For use in connection with the Complainant’s Sandro-branded clothing, the Complainant has acquired trademarks for SANDRO and SANDRO PARIS, registered in various jurisdictions throughout the world, as outlined in the rights section above. The Complainant also owns the domain name <sandro-paris.com>, which it uses in connection with its online-retail website to market its products to consumers in the European Union, the United States and China.

The disputed domain name was registered on 21 April 2020. The disputed domain name does not resolve to an active website.
 
COMPLAINANT

The Complainant submits that the disputed domain name is confusingly similar to its SANDRO trademark. The Complainant asserts that the addition of the letter “s”, for “Sandro”, and the geographical term “Paris”, referring to the city where the Complainant has its head office, is not sufficient to escape the finding that the disputed domain name is confusingly similar to the Complainant’s SANDRO trademark.

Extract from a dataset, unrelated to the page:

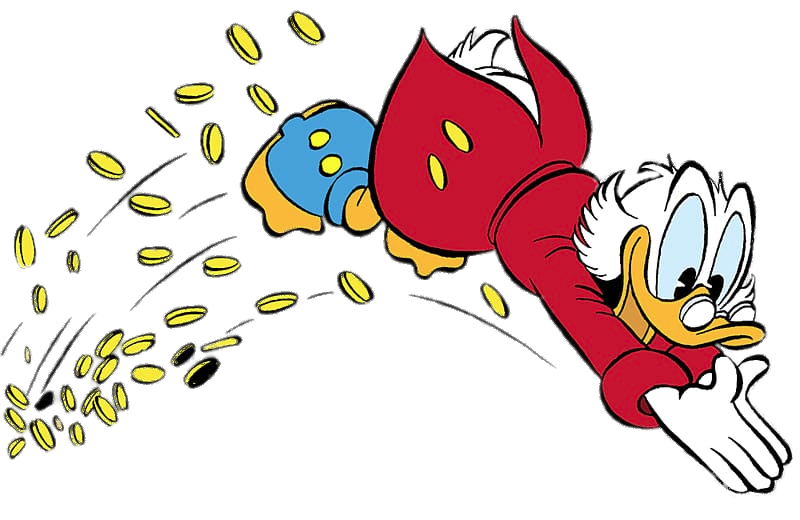 Check out this transparent DuckTales Scrooge McDuck diving into money PNG  image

The Complainant submits that the Respondent has no rights or legitimate interests in the disputed domain name. According to the Complainant, the Respondent is not related to the Complainant in any way, nor does the Respondent carry out any activity for or have any business with the Complainant. No authorization has been granted for the Respondent to make use of the Complainant’s SANDRO trademark, or to apply for registration of the disputed domain name containing the Complainant’s trademark. The Complainant notes that the disputed domain name is inactive, and asserts that the Respondent is not using the disputed domain name for any bona fide offering of goods or services. The Complainant asserts that the Respondent is not known by the disputed domain name. The Complainant further submits that the disputed domain name constitutes a typosquatted version of the Complainant’s SANDRO PARIS trademark.

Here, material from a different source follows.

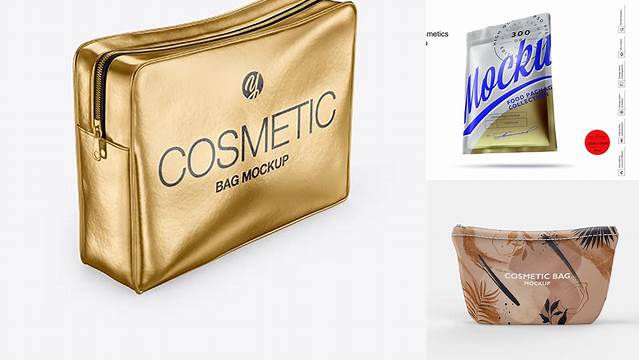 9901+ Metallic Cosmetic Bag PSD Mockup High-Quality PSD Files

The Complainant submits that the disputed domain name was registered and is being used in bad faith. The Complainant argues that the Respondent deliberately chose to associate the Complainant’s SANDRO trademark in the disputed domain name with the geographical term “Paris”, noting that the Complainant is established in Paris. The Complainant notes that a Google search for the terms “Sandro Paris” returns results relating exclusively to the Complainant. The Complainant submits that the SANDRO trademark has the status of a reputed trademark with substantial and widespread recognition throughout the world. The Complainant therefore asserts that it is reasonable to infer that the Respondent registered the disputed domain name with full knowledge of the Complainant’s trademarks. Although the disputed domain name is inactive, the Complainant submits that it is not possible to conceive of any plausible actual or contemplated use of the disputed domain name on the part of the Respondent that would not be illegitimate. The Complainant further notes that the disputed domain name has active mail-exchanger (“MX”) records, suggesting that the disputed domain name may be actively used for email purposes. The Complainant submits that any email emanating from the disputed domain name could not be used for any good-faith purpose.

RESPONDENT

No administratively compliant Response has been filed.
Rights
The Complainant has, to the satisfaction of the Panel, shown the disputed domain name is identical or confusingly similar to a trademark or service mark in which the Complainant has rights (within the meaning of paragraph 4(a)(i) of the Policy).
No rights or legitimate interests
The Complainant has, to the satisfaction of the Panel, shown the Respondent to have no rights or legitimate interests in respect of the disputed domain name (within the meaning of paragraph 4(a)(ii) of the Policy).
Bad faith
The Complainant has, to the satisfaction of the Panel, shown the disputed domain name has been registered and is being used in bad faith (within the meaning of paragraph 4(a)(iii) of the Policy).
Procedural Factors
The Panel is satisfied that all procedural requirements under UDRP were met and there is no other reason why it would be inappropriate to provide a decision.
Principal Reasons for the Decision
In order to prevail in its Complaint, the Complainant must prove, on the balance of probabilities, that it has satisfied the requirements of paragraph 4(a) of the Policy:

(i) the disputed domain name is identical or confusingly similar to a trademark or service mark in which the Complainant has rights;

(ii) the Respondent has no rights or legitimate interests in the disputed domain name; and

(iii) the disputed domain name was registered and is being used in bad faith.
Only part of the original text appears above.